There are times in life when the world seems to stop and hold its breath, the time when you are the centre of a typhoon, the time when you looked out of your window in Kansas, like Dorothy, hearing your radio crooning Someone told me long ago, there's a calm before the storm. These are times when you look up at the sky and see the sun hidden behind a small cloud, with golden beams of light poking out from behind the fluffy pillow reminding you of old, decrepit houses and motes of dust exhibiting brownian motion; these are times, when you halt in your tracks and tell yourself you will remember it as one of those moments in your life that have contributed to the warp and woof of the pattern you were trying to weave out of your existence.

H and I were talking about these moments, once. He said that he had had only three of them in his life, I don't remember which though; I, on the other hand, have had many, times I've looked back upon like wayside inns are looked upon by a traveller on a lonely road. I've just remembered an old poem on the same topic, but I forget the name; a poem from another time, a time of the definition of man and the birth of duty, rebellion and all the many ideas that lie dormant in man's brain to be woken up like a ritual spell, man (or woman's) schooling, the time of second birth.

It is during times like this when one learns what life is for, if ever it was meant for anything. Not to get caught up in our mundane lives to the extent that we, to use an old lovely cliché, miss the woods for the trees (the cliché itself evokes lovely images of a country side awakening from a cold winter or drinking a huge draught of rain water in the Monsoons) but to realise that life is a river flowing with the beginning, current time (a great pun, if I do say so myself) and the end, etc etc existing together. You get the drift (another brilliant use of the English language, or is that usage?). For more details refer Siddhartha by Herman hesse.

In other news, our blog has been criticised for not being silly enough. It would appear that from being a stream of consciousness blog, though we would have preferred unconscious, we've tried to become gyaan gurus. This is, apparently not a good thing. One doesn't go to the circus to see the Harlequin quote Shakespeare. Though there would be nothing wrong with the Whiteface doing a nice Puck, if you ask me. On the one side, we've got this bunch of rowdy readers giving me grief and on the other we've got this quantity focussed taskmaster, H, who believes that we must be putting out the latest and best, hour on hour not realising the temendous pressure it is putting on his best writer. Anyway, such is life. So, yes, we'll go back to being silly for a time and forget all the order we've been trying to bring to the place.

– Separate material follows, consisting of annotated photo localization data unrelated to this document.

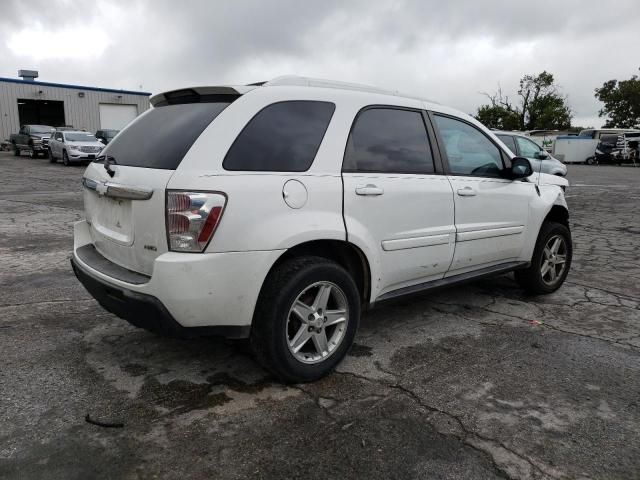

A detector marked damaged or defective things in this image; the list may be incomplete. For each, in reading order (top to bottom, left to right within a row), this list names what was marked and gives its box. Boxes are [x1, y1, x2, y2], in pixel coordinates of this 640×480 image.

cracked asphalt [1, 151, 640, 480]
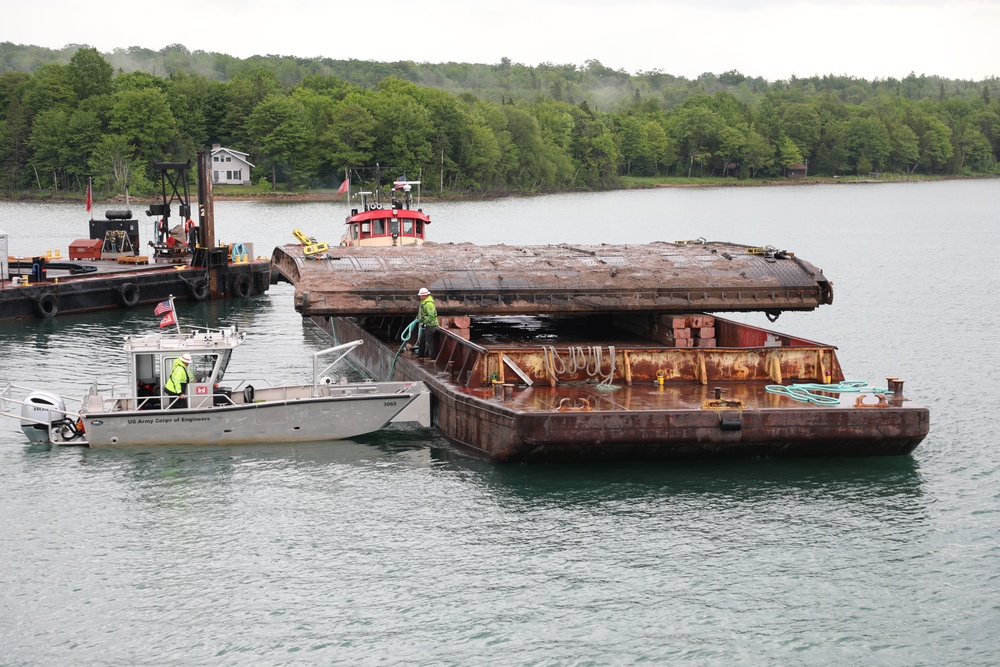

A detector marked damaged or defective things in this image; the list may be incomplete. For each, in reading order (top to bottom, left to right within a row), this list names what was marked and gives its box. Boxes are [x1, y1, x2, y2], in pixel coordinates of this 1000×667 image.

rusty barge [0, 154, 270, 320]
rusty barge [268, 241, 928, 464]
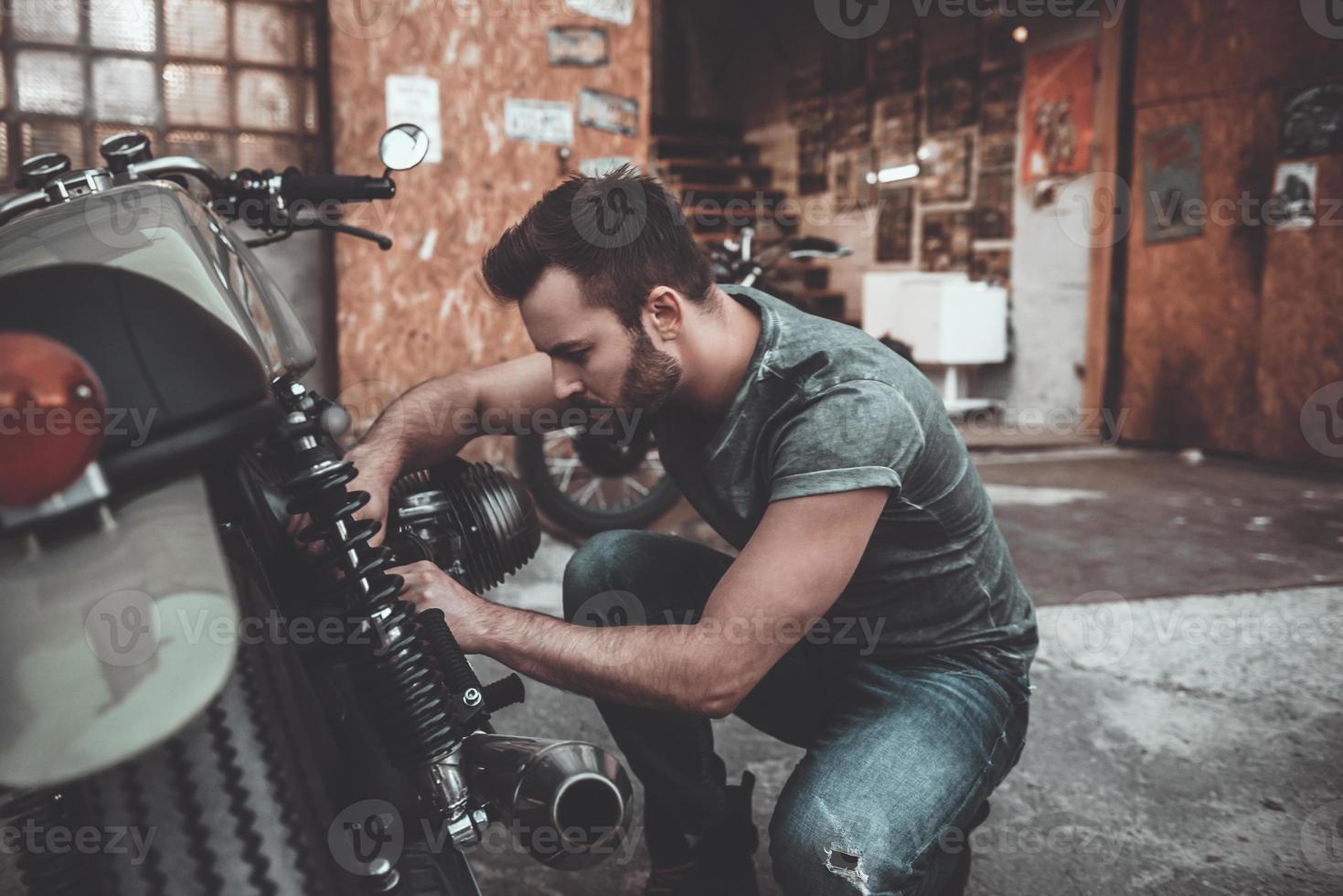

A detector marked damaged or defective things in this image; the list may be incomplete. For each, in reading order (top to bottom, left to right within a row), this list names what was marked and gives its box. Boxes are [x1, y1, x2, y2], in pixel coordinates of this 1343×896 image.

rusted metal wall [331, 1, 658, 463]
rusted metal wall [1126, 0, 1343, 466]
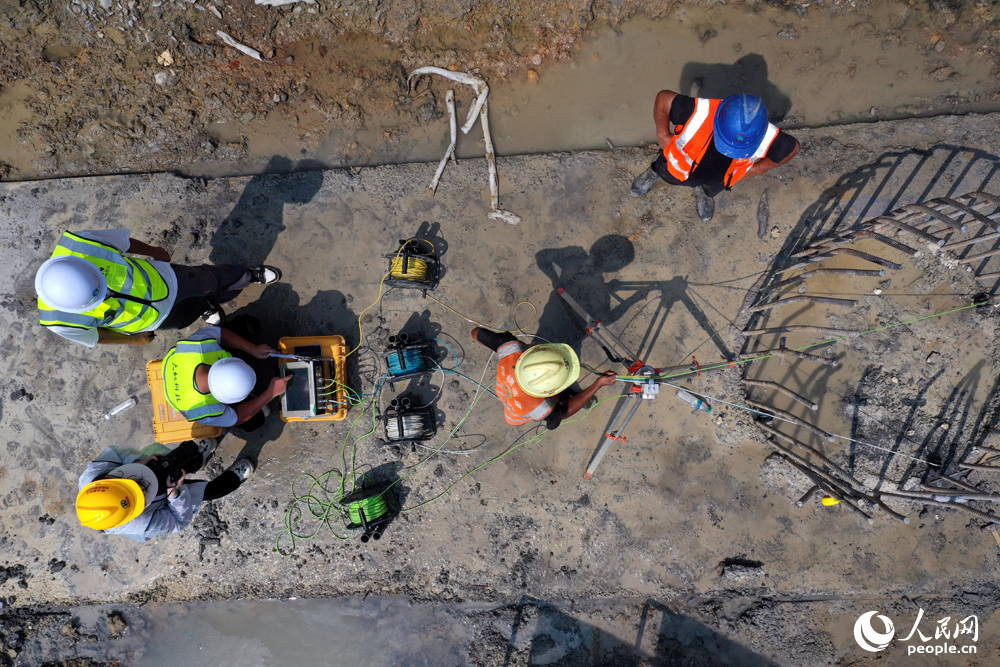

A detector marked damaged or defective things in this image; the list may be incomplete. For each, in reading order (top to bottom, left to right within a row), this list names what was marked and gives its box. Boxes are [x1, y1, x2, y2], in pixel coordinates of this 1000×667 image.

rusty rebar [848, 232, 916, 258]
rusty rebar [876, 217, 944, 245]
rusty rebar [904, 204, 964, 232]
rusty rebar [944, 230, 1000, 250]
rusty rebar [764, 266, 884, 292]
rusty rebar [748, 294, 856, 314]
rusty rebar [748, 380, 816, 412]
rusty rebar [744, 402, 836, 444]
rusty rebar [756, 420, 860, 482]
rusty rebar [796, 486, 820, 506]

"And the earth parted and the flames of hell surrounded him;
And the clouds wept and the fires of heaven rained down upon him;
And T screamed, I don't have a quote!
"

T

2 comments:

Anonymous said...

like it .. and it IS simple and nish, the blog i mean ..

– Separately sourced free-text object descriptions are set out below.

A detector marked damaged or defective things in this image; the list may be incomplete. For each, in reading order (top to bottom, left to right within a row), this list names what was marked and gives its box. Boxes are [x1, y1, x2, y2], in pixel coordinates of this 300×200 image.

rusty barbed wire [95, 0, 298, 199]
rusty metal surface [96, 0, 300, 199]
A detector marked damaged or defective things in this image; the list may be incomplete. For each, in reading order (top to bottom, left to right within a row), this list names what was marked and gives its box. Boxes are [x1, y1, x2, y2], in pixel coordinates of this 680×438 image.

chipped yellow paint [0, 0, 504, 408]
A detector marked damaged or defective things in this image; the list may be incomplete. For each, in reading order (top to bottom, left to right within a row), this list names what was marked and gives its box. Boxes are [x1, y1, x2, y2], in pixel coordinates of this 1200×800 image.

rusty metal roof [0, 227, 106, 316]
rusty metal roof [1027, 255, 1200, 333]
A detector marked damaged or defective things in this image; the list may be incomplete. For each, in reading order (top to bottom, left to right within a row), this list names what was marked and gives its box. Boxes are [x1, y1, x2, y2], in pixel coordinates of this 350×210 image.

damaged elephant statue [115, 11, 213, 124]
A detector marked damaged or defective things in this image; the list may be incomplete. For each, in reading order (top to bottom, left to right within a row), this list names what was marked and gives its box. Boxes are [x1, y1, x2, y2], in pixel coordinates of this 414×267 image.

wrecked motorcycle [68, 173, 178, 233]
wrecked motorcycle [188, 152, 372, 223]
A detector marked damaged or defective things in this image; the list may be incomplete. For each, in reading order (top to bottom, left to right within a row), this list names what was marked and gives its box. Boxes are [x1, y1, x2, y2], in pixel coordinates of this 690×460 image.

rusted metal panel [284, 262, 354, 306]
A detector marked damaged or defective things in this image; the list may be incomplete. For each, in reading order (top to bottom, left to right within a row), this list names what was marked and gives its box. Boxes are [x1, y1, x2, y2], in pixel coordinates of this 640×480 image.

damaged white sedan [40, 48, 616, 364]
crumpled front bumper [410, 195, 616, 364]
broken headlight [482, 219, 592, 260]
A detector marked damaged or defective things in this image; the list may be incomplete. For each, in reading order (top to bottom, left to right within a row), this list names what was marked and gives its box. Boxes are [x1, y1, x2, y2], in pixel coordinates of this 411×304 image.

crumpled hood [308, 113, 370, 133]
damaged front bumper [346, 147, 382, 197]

but teng, its a temptation to write something sensible and strong - and before u know it, it evolves into philosophy ..

avoid that jazz, that isnt simple ..

TenG said...

@anon: The blog is simple??? Sheesh!! It's not meant to be. You've just demolished all our hopes of keeping our readership at steady 3/4. Anything above that and our blog can't take the stress of the growth rate, like the Indian economy.

And avoiding philosophy, well... can't promise. Philosophy is found where the reader wishes to find it, eh? Not when I put up a title that reads - "For the young Aristotle" or something like that.